We visited the huge monastery at Shigatse, home of the Panchen Lama who is the competitor and Chinese candidate for the replacement of the exiled Dalai Lama. Also here differences with Ladakh - the entrance fee of 40 yuan (€4) was more than I paid at all Ladakhi monasteries combined (and this goes to the Chinese state, not to the monastery). Also,in theprayer halls, the atmosphere was touristy rather than devout (you could even keep your shoes on - unheard of in any Buddhist temple I visited previousely). Shigatse is the size of a town and is Tibet's second city. At 3900m, it's probably the highest town in the world, with ditto ATM (although India claims it has the highest ATM, in Sikkim, at 4000m!).
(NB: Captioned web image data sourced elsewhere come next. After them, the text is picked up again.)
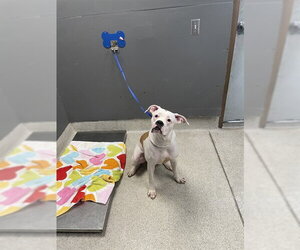 Boxer Dogs for adoption in Tallahassee, FL, USA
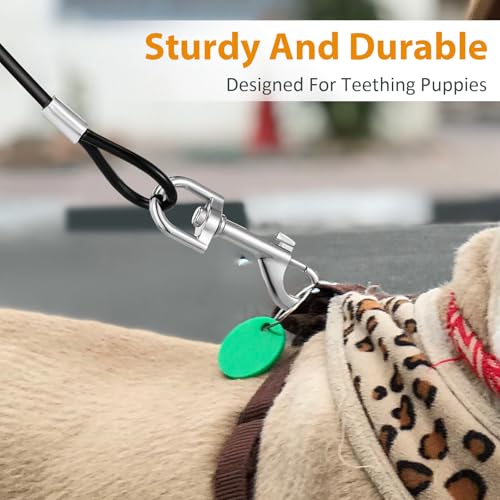 Andibro 2 Stück Kausichere Hundeleine, 66cm/26in Hundekette Leine Bissfest,Hausleine für Hunde mit Beschichtetem Stahlkabel Gepolstertem Griff Kettenleine für Große Kleine Hunde Training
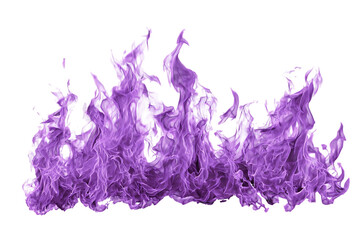 Purple fire flames isolated on black background
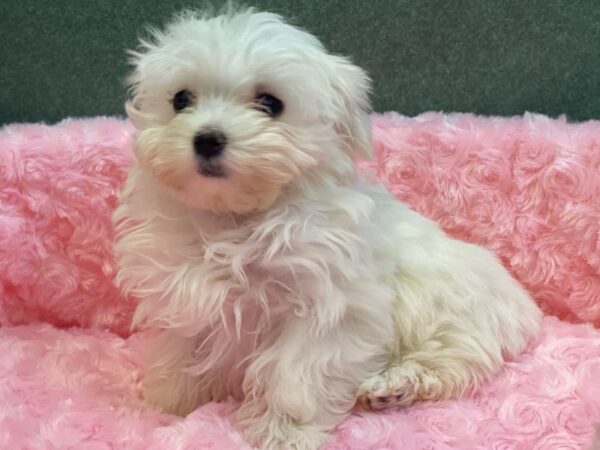 Maltese DOG Female White 8011 Petland San Antonio, TX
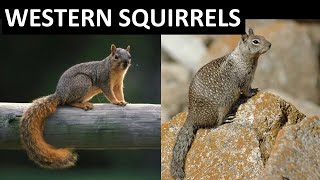 WESTERN SQUIRRELS-California Ground, Fox, Western Gray, Eastern Gray, Mojave Ground, Antelope Ground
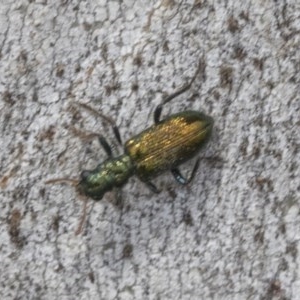 Phlogistus sp. (genus) at Holt, ACT - 23 Nov 2020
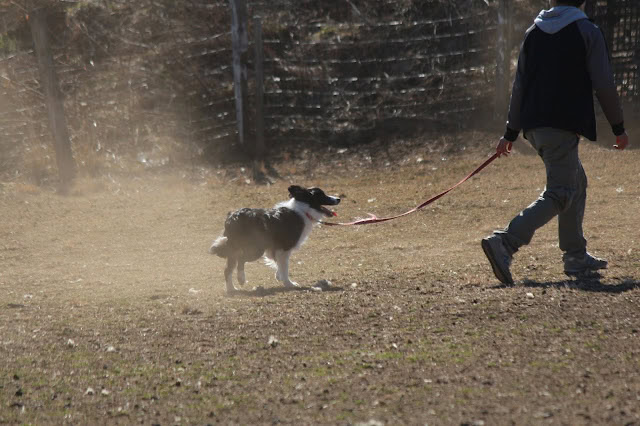子犬とシープドッグが広場で遊ぶ様子.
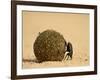 Dung Beetle Rolling a Dung Ball, Kruger National Park, South Africa, Africa-James Hager-Framed Photographic Print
A few hours further southeast lies Gyantse, a town beneath a huge ruined fortress and with a famous monastery complex. This one was my favourite - many pilgrims were here, making visiting it much nicer. Next to the impressive monastery stood a huge stupa with several levels of balconies giving access to dozens of chapels.

The roads in the valley weren't too bad, but often the asphalt would just stop and the jeeps would have to bump their way through a river or kilometres of deep mud. On the higher pastures, we sometimes spotted tents of nomad camps and flocks of huge yaks - animals that can't stand the heat below 4500m in summer, and who seem happiest when it's really shitty weather. From a distance they look like big rocks with a 1970s furry carpet tossed over them. When Tato took a nap during the first day, we walked down (pleasantly dizzy from the high altitude) to a field where a few dozen yaks were grazing. They all had with little prayer flags attached to their backs, so that they sent prayers to heaven while munching grass. From up close they're even cuddlier, but too shy (and too scarily big) to approach.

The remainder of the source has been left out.